The second factor is the rapid growth in homeschooling. Over the last two decades, the number of children being homeschooled has tripled from one million to three million. That has moved the percentage of children being homeschooled from 2% to 5%.
One of the barriers to homeschooling was the lack of extracurricular activities, especially athletics. However, there has been a large-scale movement to organize such activities within the homeschooling communities, which appears to be quite successful.
Charter schools and homeschooling have combined to drop the percentage of children enrolled in traditional public schools from 84% 20 years ago to 78% today. The drop would have been more precipitous had it not been for the fact that private and parochial schools have both been losing enrollment even faster than public schools. Parochial enrollment has fallen by 40% and private schools by 25%. It appears that charter schools and homeschooling may hurt parochial and private school enrollment as much, if not more, than they decrease public school enrollment.
There are several important takeaways from this data.
First, we should use it to inform our investments in education facilities. The truth is we do not need any more schools, at least in the aggregate, than we have today. In fact, we should probably already be closing some schools. Certainly, there will be localities where there is still growth and which will need to build some new schools. The exodus from cities to the suburbs and exurbs is an example. But even in those areas, the demographic reality will quickly eliminate the need for any more expansion.
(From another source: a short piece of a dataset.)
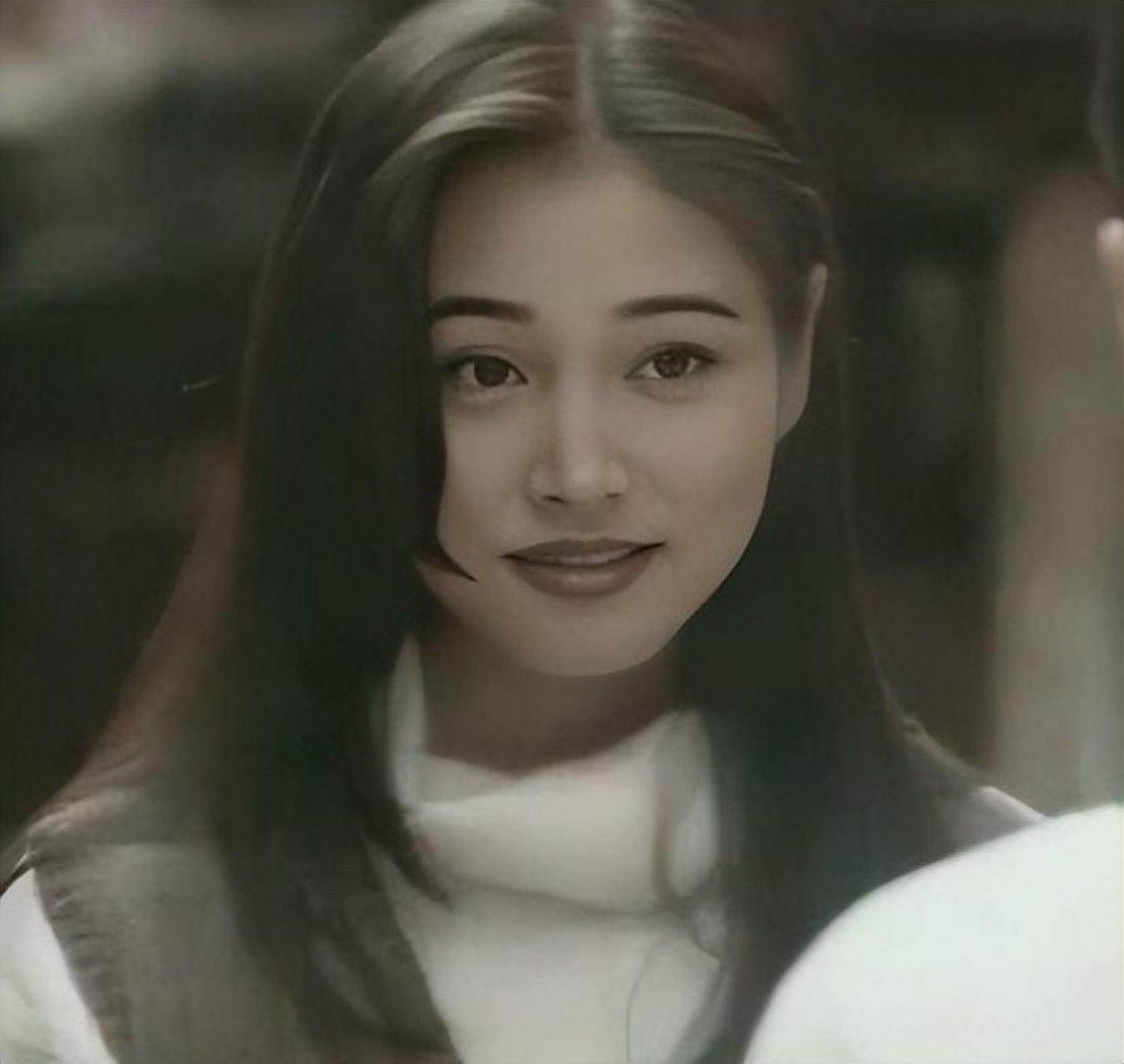 张延和周海媚长的好很像特别是嘴巴,我也喜欢看她演的电视剧,祝她永远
Second, the stagnant enrollments are certainly inconsistent with the immigration hawks’ narrative that children of illegal immigrants are flooding our public schools. In a 2023 report based on 2021 data, the Center for Immigration Studies estimated that there were about 3.2 million children enrolled in a public school who have at least one parent who is in the country illegally. However, in many cases, the other parent is a U.S. citizen, and a 2014 Pew Foundation study concluded that about three-fourths of these children had been born in the U.S. and were, therefore, U.S. citizens.
The data on which both the CIS and the Pew Foundation relied mostly pre-dated the recent surge of border crossings. However, even the most recent data on total enrollment is still not showing any increase. It is probably fair to infer from this data that if it were not for the surge in immigration, public school enrollment would be even more sharply declining.
The effect of the ongoing demographic sea change on public education is just one of a myriad of other social, economic, and political systems that are going to be upended by it. We are seeing this first in public education because the drop in birth rates most immediately affects younger generations. However, expect to see more and more manifestations of this demographic sea change through which we are living.
Note: In doing this research, I found that school enrollment statistics are much less exact than I expected. The reporting of enrollment does not appear to be very rigorous. Also, the enrollment changes throughout the school year, so the counts can vary significantly depending on when the count is taken. There are also various incentives to overcount enrollment. For the purposes of this post, I have relied primarily on the National Center for Educational Statistics and the U.S. Census Bureau statistics. I also used Microsoft’s AI, Co-Pilot, to assemble some tables for comparison. While there are some small differences in the numbers reported, the differences are not significantly relative to the overall trend line.